1274 "Broken and bowed,

outcast from all sweetness, the enemy of mankind

made for his death-den." His life-force drained;

his wounds wept blood, and where it fell

the ground scorched. The scourge screamed

with such force that a gale sprang from his gullet.

Upon hearing the howl, a hag-thing hurried

to the declining hall-ruiner. It harrowed her

to see her son suffer. She tried to soothe his battle-sores,

but as a lion which has lost its paw, he acted with hostility.

The killer of man collapsed, crumpling into his death-pose.

The quagmire trembled, and the ground tore apart.

From the chasm came the cries of the damned,

for Hell had opened its conflagrating maw to claim his spirit.

The Devil, the bringer of all evil and darkness,

emerged from the flames. He flew to the defeated form

and hacked away Grendel's soul from its corporeal house.

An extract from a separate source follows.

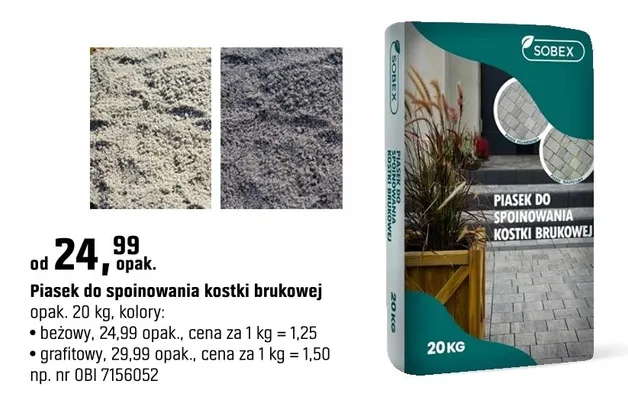 Piasek do spoinowania kostki brukowej promocja w OBI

Unable to bear this sight, the one who birthed the brute

assailed God's adversary. Her attempt was futile,

for only the Lord can make battle with Lucifer

and achieve victory. That vile spreader of vice

clutched his soul-prize, and his form smoked and singed

until a fire-curtain obscured his gruesome features.

When the fumes had cleared, foe of the Almighty

had vanished. The terra-rift closed, leaving no traces.

And so Grendel was dead.

Growls and groans

of the sorrowful she-beast came from the slough

every evening after that. The eerie laments engulfed

the region in the despair; before the reeking marsh

had been a carefree party-country in comparison.

The mere itself mourned. It was not a merry place.

The gorgon-wretch, realizing the need for retaliation, made

a mission to recover the stolen arm. "But now his mother

had sallied forth on a savage journey,

grief-racked and ravenous, desperate for revenge."